Mais il en est tout autrement de celles qui sont mauvaises et sont à rejeter par nous, puisque non seulement nous pouvons très bien exister sans elles, mais que nous ne sommes tels que nous devons être qu’après que nous nous en sommes affranchis.

(4) Pour apporter encore plus de clarté dans ce sujet, remarquons en outre que le fondement de tout bien et de tout mal est l’Amour en tant qu’il tombe sur un certain objet ; car, si nous n’aimons pas l’objet qui, comme nous l’avons dit précédemment, mérite seul d’être aimé, à savoir Dieu, mais les choses qui, par leur propre caractère ou nature sont périssables, il s’ensuit nécessairement (l’objet étant sujet à tant d’accidents et même à la destruction) de la haine, de la tristesse, etc., après qu’un changement est survenu dans l’objet aimé. De la Haine si quelqu’un ravit à un autre la chose aimée ; de la Tristesse si l’on vient à la perdre ; de l’Honneur si l’on s’appuie sur l’Égoïsme ; de la Faveur et de la Reconnaissance si l’on n’aime pas son prochain pour l’amour de Dieu. Si, au contraire, l’homme parvient à aimer Dieu qui est et demeure toujours immuable, alors il lui est impossible de tomber dans ce bourbier des passions ; à cause de quoi nous posons comme règle fixe et inébranlable que Dieu est la première et unique cause de tout notre bien et un libérateur de tout notre mal.

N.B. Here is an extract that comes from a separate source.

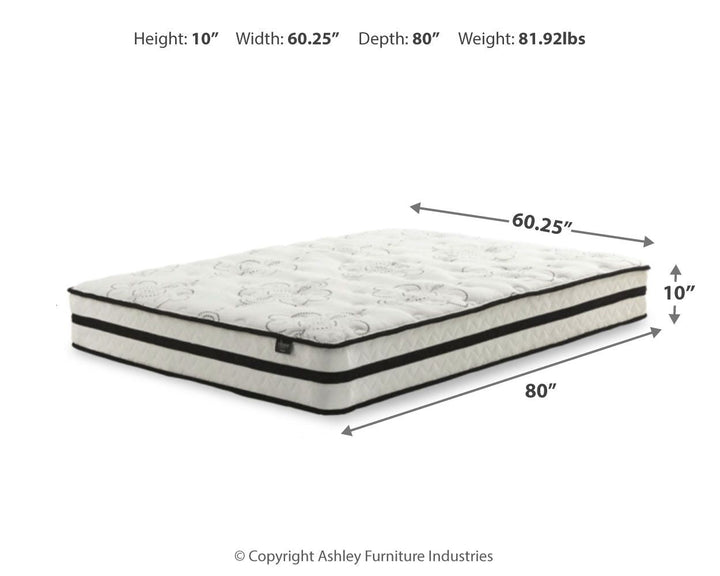 Chime 10 Inch Hybrid - 10" King Mattress - White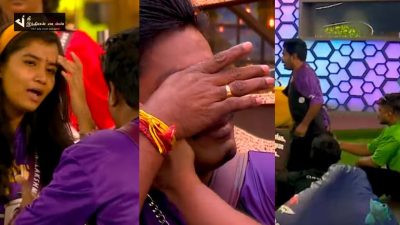 நான் நடிக்கிறேனா பாத்தியா நீ.. தனலட்சுமியை அடிக்க சென்ற GP முத்து... bigg boss promo 46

(5) Il faut remarquer, enfin, que seul l’Amour, etc., est illimité, c’est-à-dire que, plus il s’accroît, plus il devient excellent, puisqu’il tombe sur un objet qui est infini, à cause de quoi il peut toujours s’accroître ; ce qui n’a lieu dans aucune chose autre que celle-là. Et ce sera peut-être là la matière d’où nous tirerons [B : dans le chapitre XXIII ] la démonstration de l’immortalité de l’âme, en même temps que nous montrerons comment et de quelle sorte elle peut être [***].



[*chap.V, §6 (note jld).

[**chap. VII, §2 (note jld).

[***Le chapitre se termine dans les deux manuscrits par une phrase qui ne se trouve ni dans Schaarschmidt ni dans l’édition van Vloten et Land. Je la traduis d’après Sigwart et W. Meijer :
Ayant ainsi parlé jusqu’ici de tout ce que nous enseigne la troisième sorte d’effets de la croyance vraie, nous poursuivrons maintenant et traiterons de son quatrième et dernier effet qui n’a pas été indiqué précédemment (chapitre IV).
On observera qu’il est fait mention de cet effet dans la note 2 du chapitre IV, laquelle ne se trouve pas dans l’édition Sigwart.